State Fire Marshal Stephen Coan’s probe focused on a processing area shared by the two companies. He said CAI’s ink-producing process involved heating chemicals, including heptane, in a large “mixing vessel,” then shutting off the heat.
Steam heat system
“Witness interviews have led investigators to conclude that one of the chemicals involved, (1,000 gallons) heptane … was most likely overheated due to a failure to turn off the steam heat system,” Coan’s report stated.
The ignition source could not be determined because the building was destroyed, Coan said, but possibilities included refrigerator and vending machine motors and condensers, space heaters, electrical exhaust fans and the furnace.
CAI officials said in a statement that while they have cooperated fully with the investigation, they could not comment on the fire marshal’s report because “we have not been provided with the basis supporting their assumptions.”
The company is conducting its own investigation. “(The explosion) demands a comprehensive investigation equal to the task — an inquiry that employs advanced technology and expertise, and which thoroughly explores all potential avenues of cause,” the statement said.
Arnel officials did not return messages left by The Associated Press.
Sixteen homes and six businesses were ordered demolished as a result of the blast, Coan’s investigation found.

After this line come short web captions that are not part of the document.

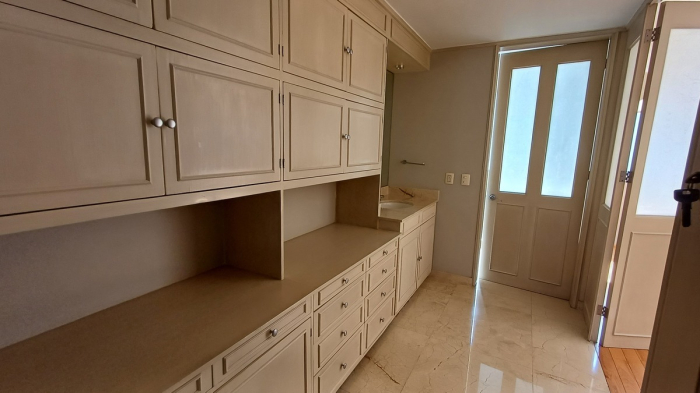 Polanco, Dickens. Departamento PH, 3 Recámaras Venta $15,650,000MN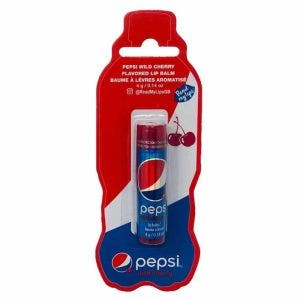 Pepsi - Baume à Lèvres - Goût Cerise Sauvage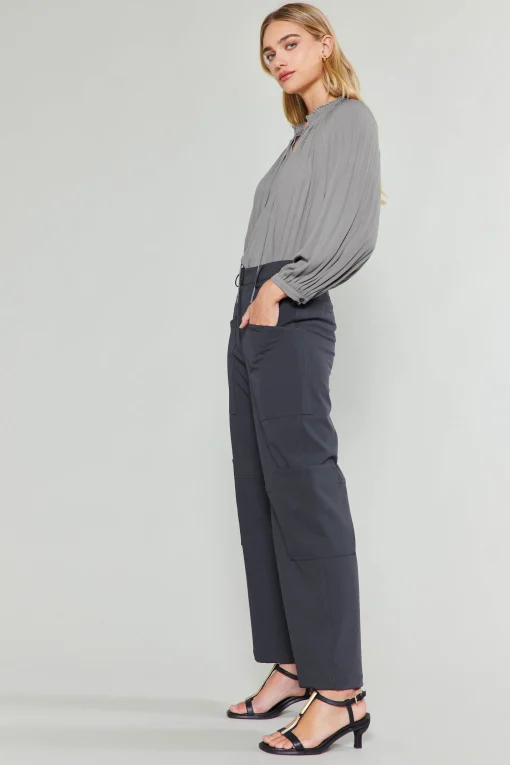 Patch Pocket Cargo Pant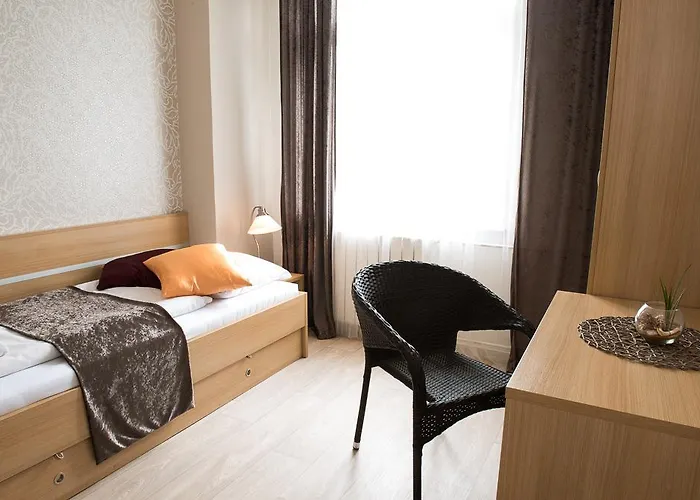 Hotell Imos Břeclav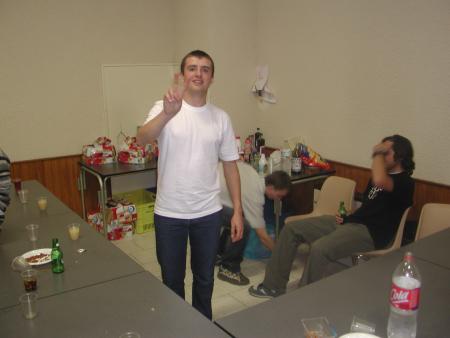 Enfin pas un crevard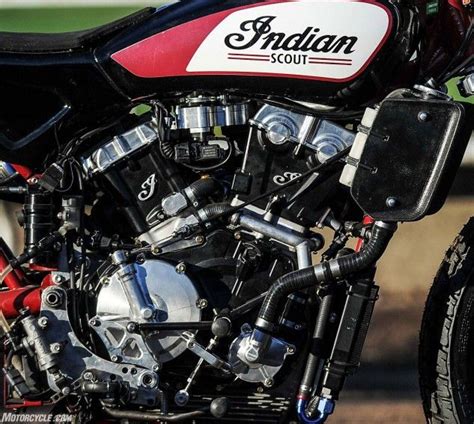 Indian Returns To Flat Track With The Ftr750 In 2023 Indian Scout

More than 300 cars and trucks, as well as 65 boats, were damaged or destroyed.
The U.S. Chemical Safety Board planned to release the results of its investigation on Wednesday. Spokesman Daniel Horowitz declined to discuss the specifics of those findings ahead of that meeting.
A new inspection program was unveiled along with the cause in hopes it will prevent similar problems. Inspectors from the Department of Environmental Protection, Department of Fire Services and local fire departments will conduct hazard assessments at small- and mid-sized companies.
If companies resist, “access may be compelled though various means, up to and including administrative search warrants,” according to a news release.
Inspectors already have identified 40 facilities across the state, selected because of proximity to densely populated areas, types of chemicals or waste materials used and stored and site history. The first 15 will be inspected in the next two months.